La Commissione nazionale per le pari opportunità si è spinta ancora più avanti. Per scoraggiare l’uso sessista della lingua italiana, cioè uso della lingua tesa a discriminare l’uomo dalla donna, ha raccomandato di evitare nomi maschili, aggiungendo una – a al maschile
• Avvocata (invece di avvocatessa o di donna avvocato) - la notaia - la magistrata – la studente (invece della studentessa), la sindaca – la prefetta – la consigliera comunale
Addirittura, c’è anche chi vorrebbe sostituire la desinenza maschile e femminile con una “schwa” o [ə] la cui pronuncia corrisponde ad una “e” appena pronunciata, come la “e” muta francese. Per questo, propongono di scrivere “studentə”, per non far capire che si tratta di un maschile o di un femminile e che comprenderebbe tutti coloro che studiano, senza alcuna distinzione di sesso.
Una curiosità.

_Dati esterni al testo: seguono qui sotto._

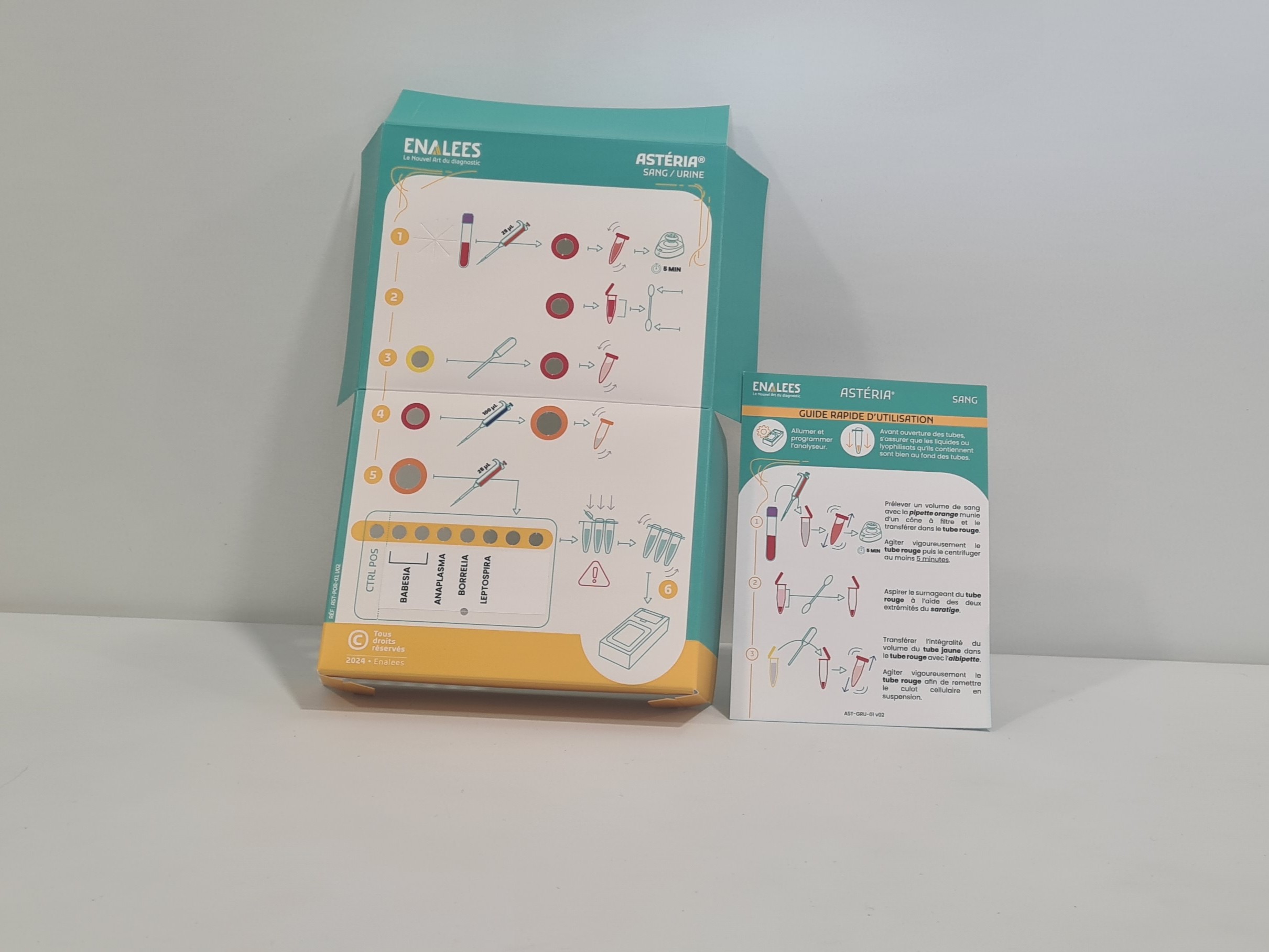 Astéria Babesia, Anaplasma, Borrelia, Leptospira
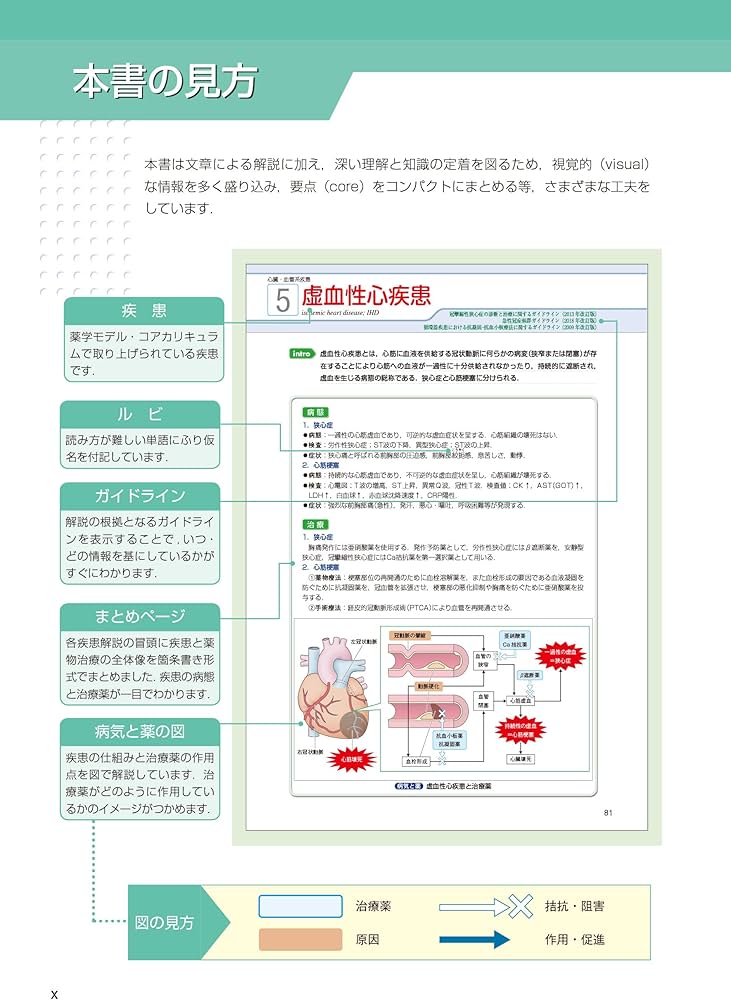 visual core pharma 薬物治療学 | 吉尾 隆 |本 | 通販 | Amazon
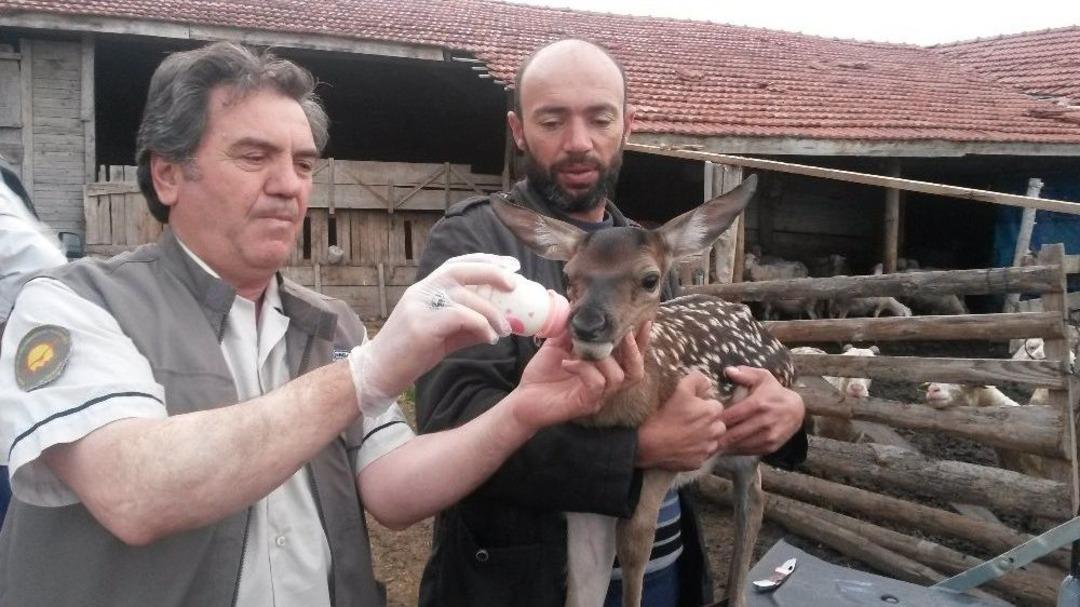 Bakan Eroğlu: &ldquo;yaban Hayatını Korumak Vazifemizdir&rdquo;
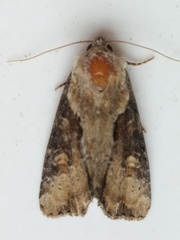 Lateroligia ophiogramma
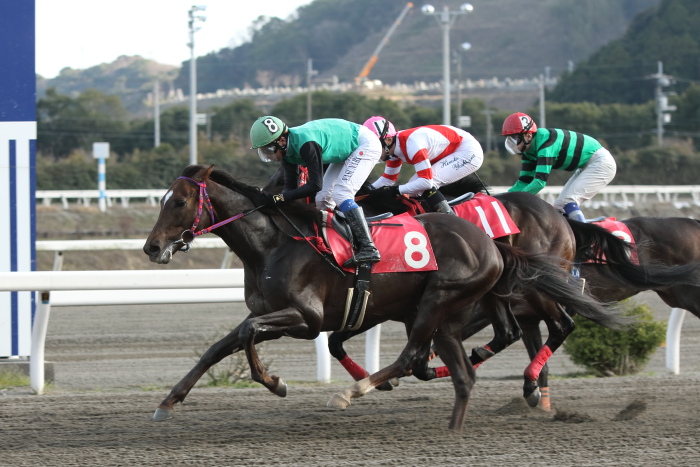 JRA交流 はりまや盃 その2_a0077663_1523459.jpg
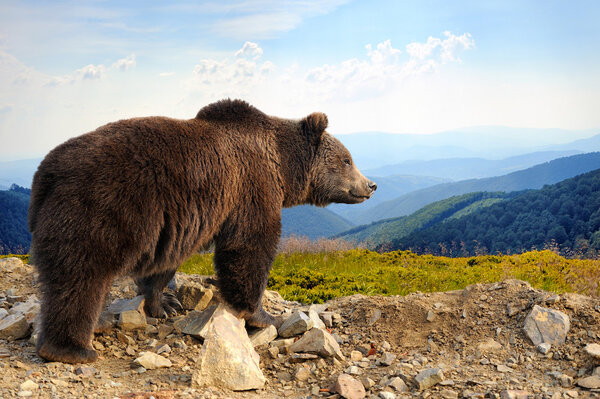 Brown wild bear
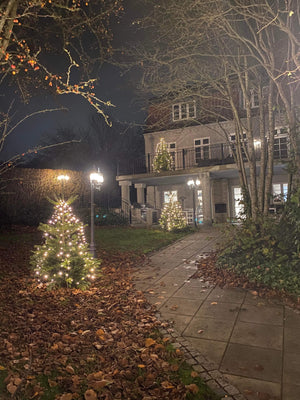 Juletræer Opsat - Græs & Grus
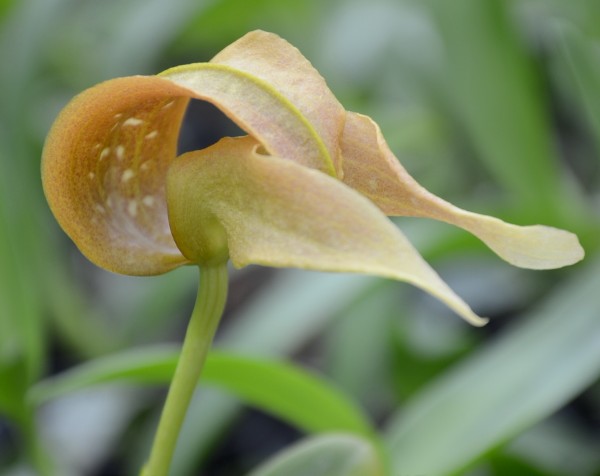 Orchidee Bulbophyllum grandiflorum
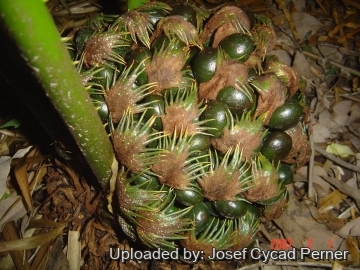 Cycas simplicipinna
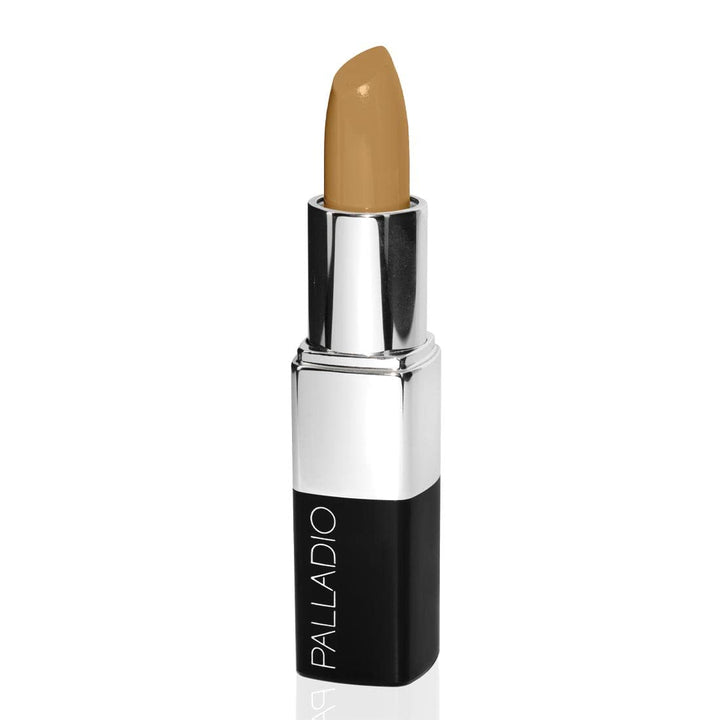 Treatment Concealer, Dark
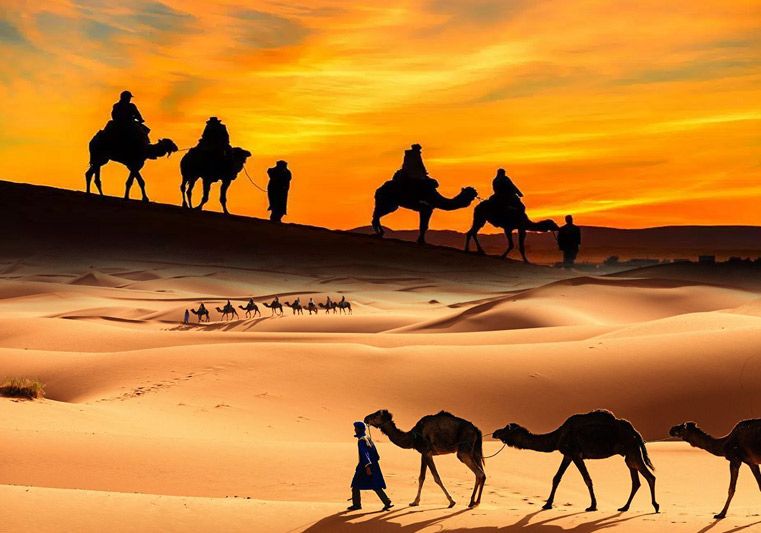 Dubai Sunset Camel Trekking With BBQ Dinner & Shows by ABC Tours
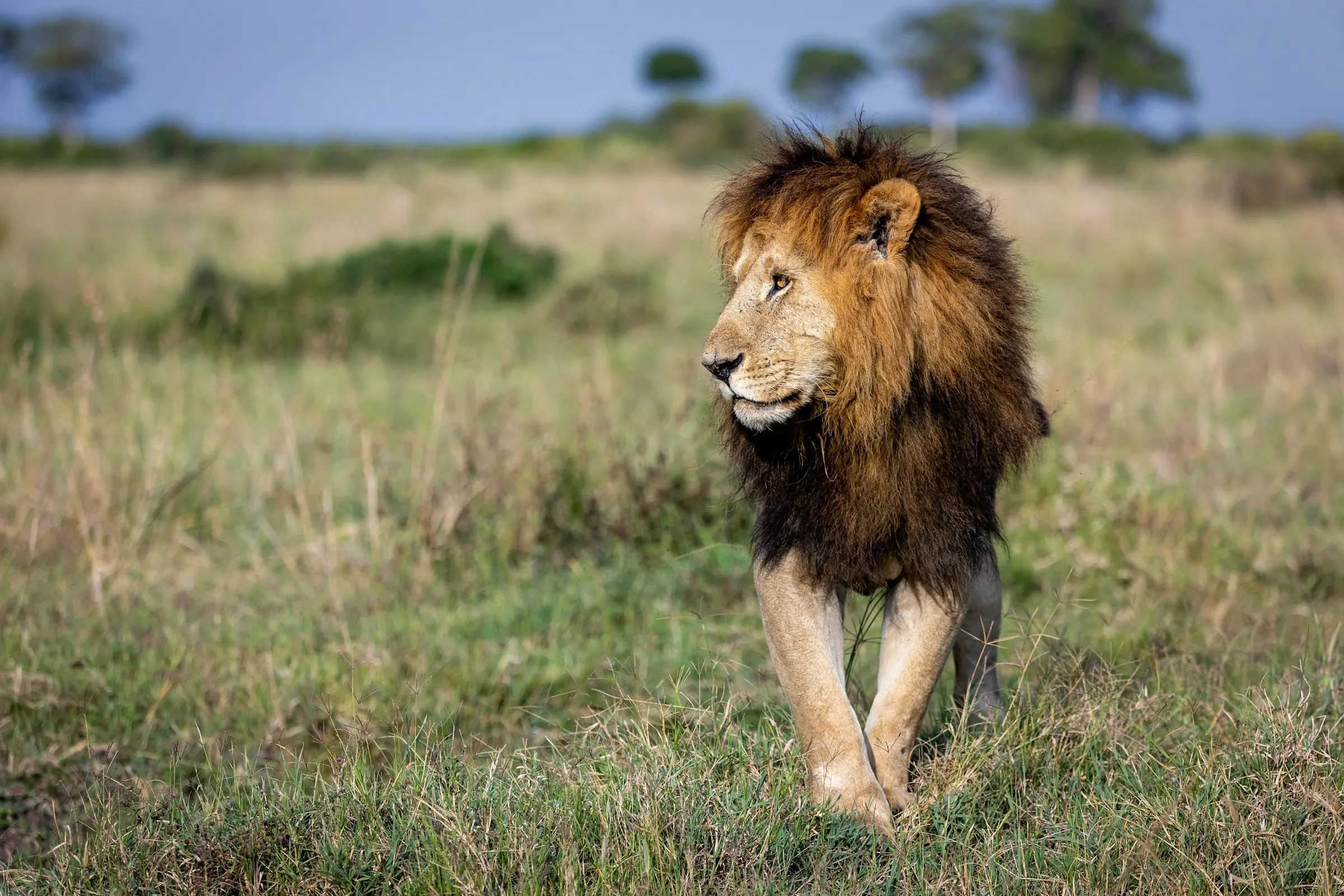 Mane-tossed male lion walking across Mara grasses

In Francia c’è chi ha proposto di sostituire il pronome personale maschile singolare “il” e il pronome personale femminile singolare “elle”, con “iel”.
Domande da interrogazione
- Qual è la difficoltà principale nel determinare il genere dei nomi in italiano?
- Come si formano generalmente i nomi femminili in italiano?
- Esistono professioni in cui il femminile non è tradizionalmente riconosciuto?
- Qual è la raccomandazione della Commissione nazionale per le pari opportunità riguardo l'uso dei nomi maschili e femminili?
- Qual è la proposta per rendere neutri i nomi maschili e femminili?
La difficoltà principale è che non sempre è facile capire se una parola riferita a un essere animato sia maschile o femminile, quindi è consigliabile imparare ogni nuova parola con il proprio articolo.
Di solito, un nome femminile singolare termina per -a, ma in certi casi può terminare anche per -e.
Sì, ci sono professioni in cui il femminile non esiste perché le donne vi sono arrivate in epoca recente, e la lingua non ha seguito l'evoluzione sociale delle donne.
La Commissione raccomanda di evitare nomi maschili aggiungendo una -a al maschile, come "avvocata" invece di "avvocatessa" o "donna avvocato".
Alcuni propongono di sostituire la desinenza maschile e femminile con una "schwa" o [ə], come in "studentə", per non indicare un genere specifico.